The corresponding service language code. If language is not in the verified mapping, falls back to the base language code (e.g., en from en-US) and logs a warning (via resolve_language(..., use_base_code=True)).

class pipecat.services.whisper.base_stt.BaseWhisperSTTService(*, model: str | None = None, api_key: str | None = None, base_url: str | None = None, language: Language | None = None, prompt: str | None = None, temperature: float | None = None, include_prob_metrics: bool = False, push_empty_transcripts: bool = False, settings: BaseWhisperSTTSettings | None = None, ttfs_p99_latency: float | None = 1.0, **kwargs)[source]

Bases: SegmentedSTTService

Base class for Whisper-based speech-to-text services.

Provides common functionality for services implementing the Whisper API interface, including metrics generation and error handling.

Settings

alias of BaseWhisperSTTSettings

__init__(*, model: str | None = None, api_key: str | None = None, base_url: str | None = None, language: Language | None = None, prompt: str | None = None, temperature: float | None = None, include_prob_metrics: bool = False, push_empty_transcripts: bool = False, settings: BaseWhisperSTTSettings | None = None, ttfs_p99_latency: float | None = 1.0, **kwargs)[source]

Initialize the Whisper STT service.

Parameters:
  • model

    Name of the Whisper model to use.

    Deprecated since version 0.0.105: Use settings=BaseWhisperSTTService.Settings(model=...) instead.

  • api_key – Service API key. Defaults to None.

  • base_url – Service API base URL. Defaults to None.

  • language

    Language of the audio input.

    Deprecated since version 0.0.105: Use settings=BaseWhisperSTTService.Settings(language=...) instead.

  • prompt

    Optional text to guide the model’s style or continue a previous segment.

    Deprecated since version 0.0.105: Use settings=BaseWhisperSTTService.Settings(prompt=...) instead.

  • temperature

    Sampling temperature between 0 and 1.

    Deprecated since version 0.0.105: Use settings=BaseWhisperSTTService.Settings(temperature=...) instead.

  • include_prob_metrics – If True, enables probability metrics in API response. Each service implements this differently (see child classes). Defaults to False.

  • push_empty_transcripts – If true, allow empty TranscriptionFrame frames to be pushed downstream instead of discarding them. This is intended for situations where VAD fires even though the user did not speak. In these cases, it is useful to know that nothing was transcribed so that the agent can resume speaking, instead of waiting longer for a transcription.
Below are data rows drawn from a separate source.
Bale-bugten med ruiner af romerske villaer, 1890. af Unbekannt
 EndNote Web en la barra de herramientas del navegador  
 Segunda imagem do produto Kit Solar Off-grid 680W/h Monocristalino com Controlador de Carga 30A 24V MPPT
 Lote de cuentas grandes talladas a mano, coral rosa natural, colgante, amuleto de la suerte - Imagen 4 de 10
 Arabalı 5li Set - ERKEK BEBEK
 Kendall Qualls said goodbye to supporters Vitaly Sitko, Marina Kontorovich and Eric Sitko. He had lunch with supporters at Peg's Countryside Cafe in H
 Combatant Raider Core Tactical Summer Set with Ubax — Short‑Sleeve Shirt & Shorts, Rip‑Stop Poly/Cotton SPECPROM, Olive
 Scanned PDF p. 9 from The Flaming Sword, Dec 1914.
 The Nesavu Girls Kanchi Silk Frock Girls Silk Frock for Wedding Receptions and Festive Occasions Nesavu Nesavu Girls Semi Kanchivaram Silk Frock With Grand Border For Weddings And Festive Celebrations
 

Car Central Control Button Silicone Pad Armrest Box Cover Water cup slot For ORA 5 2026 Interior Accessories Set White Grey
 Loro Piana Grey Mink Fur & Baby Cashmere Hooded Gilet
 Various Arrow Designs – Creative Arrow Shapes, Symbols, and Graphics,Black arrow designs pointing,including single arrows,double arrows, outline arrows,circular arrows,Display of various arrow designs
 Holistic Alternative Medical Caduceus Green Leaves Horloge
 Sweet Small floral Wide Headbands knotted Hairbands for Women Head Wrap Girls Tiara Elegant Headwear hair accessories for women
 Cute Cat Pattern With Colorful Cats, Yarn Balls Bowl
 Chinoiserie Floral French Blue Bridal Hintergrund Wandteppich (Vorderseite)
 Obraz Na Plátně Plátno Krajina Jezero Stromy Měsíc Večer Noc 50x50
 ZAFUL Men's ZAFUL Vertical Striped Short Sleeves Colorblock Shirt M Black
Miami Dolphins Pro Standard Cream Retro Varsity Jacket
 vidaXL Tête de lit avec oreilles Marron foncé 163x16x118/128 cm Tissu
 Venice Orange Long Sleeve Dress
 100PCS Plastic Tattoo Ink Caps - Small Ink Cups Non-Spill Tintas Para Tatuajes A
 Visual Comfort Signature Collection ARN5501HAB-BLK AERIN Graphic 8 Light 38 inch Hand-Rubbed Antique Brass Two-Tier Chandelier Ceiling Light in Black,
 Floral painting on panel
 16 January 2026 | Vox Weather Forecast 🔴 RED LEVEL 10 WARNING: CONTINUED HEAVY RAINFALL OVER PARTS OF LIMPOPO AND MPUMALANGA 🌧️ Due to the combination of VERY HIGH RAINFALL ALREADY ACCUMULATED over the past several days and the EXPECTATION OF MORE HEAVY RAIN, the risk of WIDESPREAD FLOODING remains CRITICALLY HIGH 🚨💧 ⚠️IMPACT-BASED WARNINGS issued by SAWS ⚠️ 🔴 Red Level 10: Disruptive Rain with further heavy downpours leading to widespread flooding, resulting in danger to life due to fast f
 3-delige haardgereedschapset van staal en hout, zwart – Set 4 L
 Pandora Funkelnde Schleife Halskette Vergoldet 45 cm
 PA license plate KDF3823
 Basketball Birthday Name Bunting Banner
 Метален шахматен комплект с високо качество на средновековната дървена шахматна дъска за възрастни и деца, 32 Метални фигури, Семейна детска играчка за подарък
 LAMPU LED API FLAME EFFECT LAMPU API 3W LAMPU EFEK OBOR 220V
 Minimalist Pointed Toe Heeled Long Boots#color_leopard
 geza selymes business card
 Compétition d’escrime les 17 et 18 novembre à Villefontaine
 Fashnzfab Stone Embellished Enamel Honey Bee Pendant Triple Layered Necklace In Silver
Defaults to False.

  • settings – Runtime-updatable settings. When provided alongside deprecated parameters, settings values take precedence.

  • ttfs_p99_latency – P99 latency from speech end to final transcript in seconds. Override for your deployment. See https://github.com/pipecat-ai/stt-benchmark

  • **kwargs – Additional arguments passed to SegmentedSTTService.

can_generate_metrics() bool[source]

Whether this service can generate processing metrics.

Returns:

True, as this service supports metric generation.

Return type:

bool

language_to_service_language(language: Language) str | None[source]

Convert from pipecat Language to service language code.

Parameters:

language – The Language enum value to convert.

Returns:

The corresponding service language code, or None if not supported.

async run_stt(audio: bytes) AsyncGenerator[Frame, None][source]

Transcribe audio data to text.

Parameters:

audio – Raw audio data to transcribe.

Yields:

Frame

Either a TranscriptionFrame containing the transcribed text

or an ErrorFrame if transcription fails.

async push_frame(frame: Frame, direction: FrameDirection = FrameDirection.DOWNSTREAM)

Push a frame, marking TranscriptionFrames as finalized.

Segmented STT services process complete speech segments and return a single TranscriptionFrame per segment, so every transcription is inherently finalized.

Parameters:
  • frame – The frame to push.

  • direction – The direction of frame flow in the pipeline.

async stop_ttfb_metrics(*, end_time: float | None = None)

Stop time-to-first-byte metrics collection and push results.

Parameters:

end_time – Optional timestamp to use as the end time. If None, uses the current time.